• Provided material:
....

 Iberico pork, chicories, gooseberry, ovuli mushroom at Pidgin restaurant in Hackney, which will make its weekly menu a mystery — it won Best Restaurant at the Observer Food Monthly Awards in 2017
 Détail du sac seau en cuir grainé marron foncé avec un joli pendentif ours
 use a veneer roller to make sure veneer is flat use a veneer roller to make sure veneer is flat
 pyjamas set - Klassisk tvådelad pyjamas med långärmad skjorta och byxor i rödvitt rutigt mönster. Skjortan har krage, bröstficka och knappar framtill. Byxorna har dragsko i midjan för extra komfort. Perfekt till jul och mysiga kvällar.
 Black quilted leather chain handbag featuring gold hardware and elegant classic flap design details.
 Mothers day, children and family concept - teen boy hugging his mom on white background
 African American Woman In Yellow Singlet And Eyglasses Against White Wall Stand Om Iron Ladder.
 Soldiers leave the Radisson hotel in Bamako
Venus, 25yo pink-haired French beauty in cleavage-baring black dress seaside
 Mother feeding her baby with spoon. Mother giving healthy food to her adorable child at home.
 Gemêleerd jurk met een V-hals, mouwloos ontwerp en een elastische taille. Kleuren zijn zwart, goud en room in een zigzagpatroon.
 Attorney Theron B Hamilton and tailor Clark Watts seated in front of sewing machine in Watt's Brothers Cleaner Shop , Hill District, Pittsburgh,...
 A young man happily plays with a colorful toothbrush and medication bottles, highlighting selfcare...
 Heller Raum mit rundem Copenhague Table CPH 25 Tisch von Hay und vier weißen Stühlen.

....

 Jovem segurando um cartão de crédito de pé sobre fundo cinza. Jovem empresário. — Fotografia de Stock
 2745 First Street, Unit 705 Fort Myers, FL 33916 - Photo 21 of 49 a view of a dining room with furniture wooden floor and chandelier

....

• Work item:
Write down exactly the span of lines above from the one containing "pyjamas set - Klassisk" to the one containing "Venus, 25yo pink-haired", both ends included.

• Expected answer:
 pyjamas set - Klassisk tvådelad pyjamas med långärmad skjorta och byxor i rödvitt rutigt mönster. Skjortan har krage, bröstficka och knappar framtill. Byxorna har dragsko i midjan för extra komfort. Perfekt till jul och mysiga kvällar.
 Black quilted leather chain handbag featuring gold hardware and elegant classic flap design details.
 Mothers day, children and family concept - teen boy hugging his mom on white background
 African American Woman In Yellow Singlet And Eyglasses Against White Wall Stand Om Iron Ladder.
 Soldiers leave the Radisson hotel in Bamako
Venus, 25yo pink-haired French beauty in cleavage-baring black dress seaside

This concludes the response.